» **ACTION ITEM**
While you copy the lines below, skip the pictures and keep the rest exact.

» **DATA SECTION**
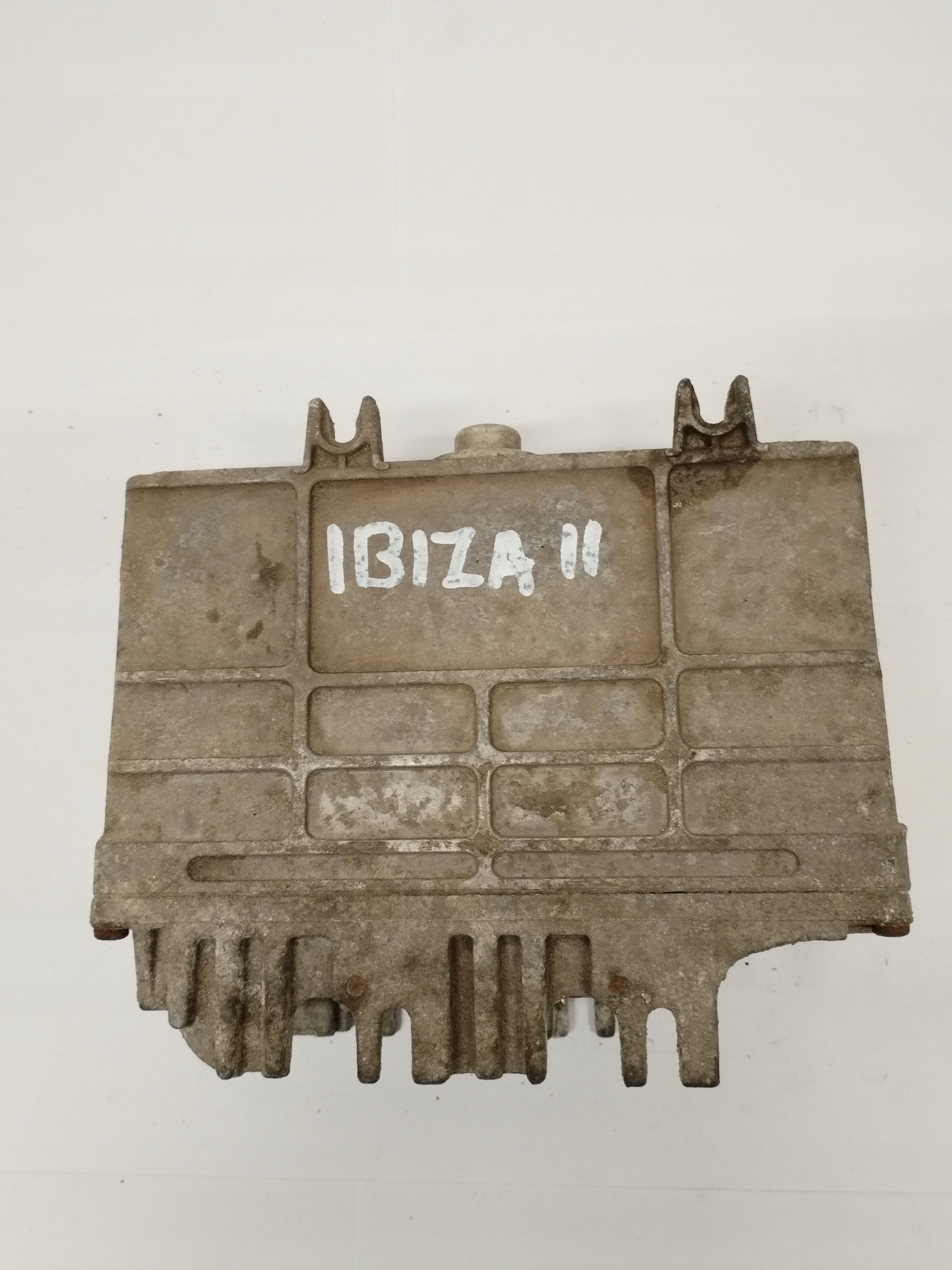 computer control unit of the engine Seat Ibiza II 2 6K0906027E
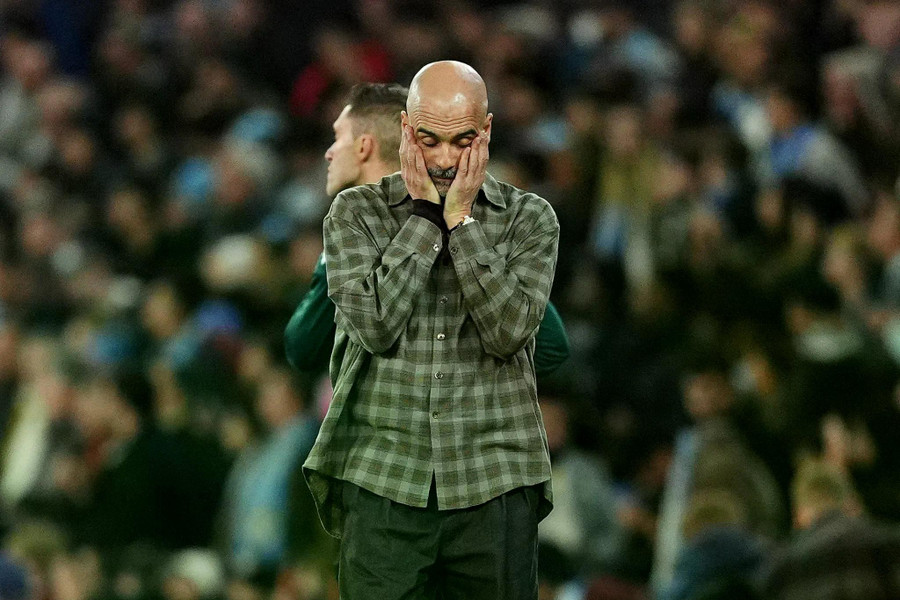 Silva "gây họa", Man City cay đắng rời Champions League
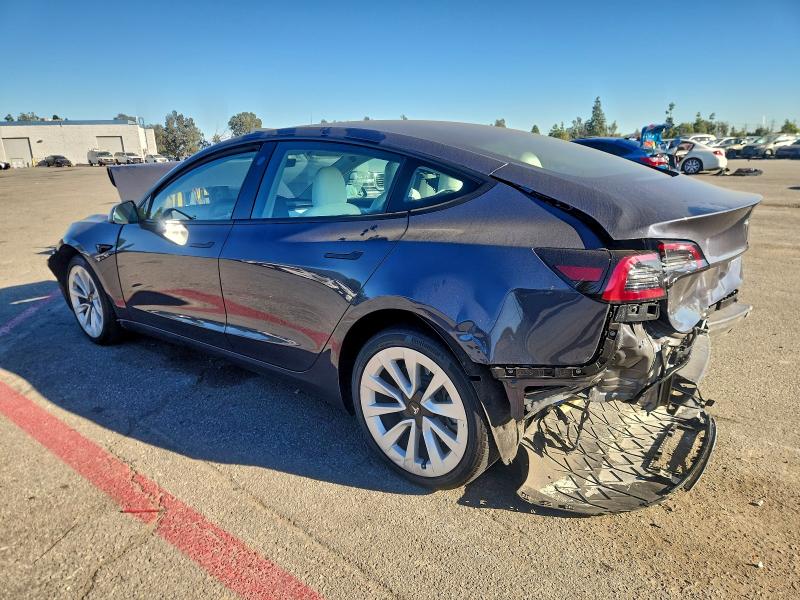Фото 2 - TESLA MODEL 3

» **RESULT OF THIS EXERCISE**
 computer control unit of the engine Seat Ibiza II 2 6K0906027E
 Silva "gây họa", Man City cay đắng rời Champions League
Фото 2 - TESLA MODEL 3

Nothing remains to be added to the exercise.